2022-06-06 15:18:45.7023 DEBUG [PatreonDownloader.Implementation.PatreonPageCrawler] Page #3: xxxxx
2022-06-06 15:18:46.7088 INFO [UniversalDownloaderPlatform.DefaultImplementations.WebDownloader] New request: xxxxx
2022-06-06 15:18:46.7088 INFO [UniversalDownloaderPlatform.DefaultImplementations.WebDownloader] Session ID exists before the request
2022-06-06 15:18:47.5318 DEBUG [PatreonDownloader.Implementation.PatreonPageCrawler] Parsing data entries...

Something is destroying the session_id value. I don't think it is happening based on server response; if they were destroying the session server side, I shouldn't be able to patch in the existing value and have my request complete (which totally works).

TheQwerty commented 2 years ago

I'm just spit-balling here so excuse me if it's way off the mark...

I'm seeing cookies set on both .patreon.com and the sub www.patreon.com and I'm not familiar with the CookieContainer class, so are we sure this is actually retrieving all cookies? cookies = _httpClientHandler.CookieContainer.GetCookies(new Uri("https://patreon.com"));

There also appears to be a longstanding .net bug about retrieving cookie's for .domain that sounds like it might be relevant.

clocklear commented 2 years ago

In my logging, I see cookies for domain .patreon.com as well as patreon.com.
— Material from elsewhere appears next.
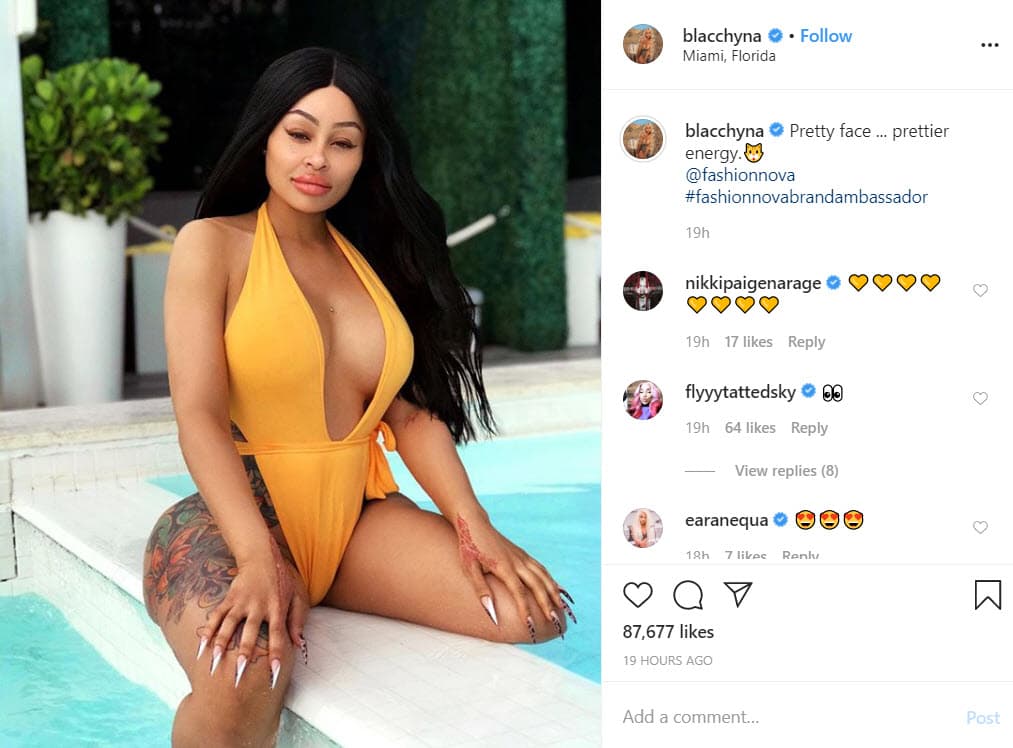 Por su parte, 
<b><a href="https://www.univision.com/famosos/los-kardashian-jenner-ponen-contra-la-pared-a-blac-chyna-quien-los-acusa-de-arruinar-su-carrera-fotos">Blac Chyna</a></b>, de 31 años, también presumió
<b> su figura y justo al lado promovió </b>su línea de maquillaje y una tienda de ropa 'online' de la cual es embajadora.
These are found by requesting, explicitly, the cookies for https://patreon.com, so your theory is a a good guess @TheQwerty, but I don't (currently) think that's what is going on here.

AlexCSDev commented 2 years ago

I don't think any relevant cookies are being set on www subdomain. session_id cookie is being set on .patreon.com and the api itself lives on the root domain as well, so all cookies retrieved for root domain should apply to api requests.

To me this sounds like some kind of a bug somewhere in .NET's http request pipeline.

AlexCSDev commented 2 years ago

I don't really see how it can remove the cookie yet. https://github.com/dotnet/runtime/blob/6a984143635bde23e728abaaccbde52f5ea8fa3e/src/libraries/System.Net.Http/src/System/Net/Http/SocketsHttpHandler/Http2Stream.cs#L889

https://github.com/dotnet/runtime/blob/v5.0.17/src/libraries/System.Net.Http/src/System/Net/Http/SocketsHttpHandler/CookieHelper.cs

AlexCSDev commented 2 years ago

I'm thinking of implementing my own cookie management class instead of relying on HttpClient's built-in cookie management. But that will take some time to implement properly.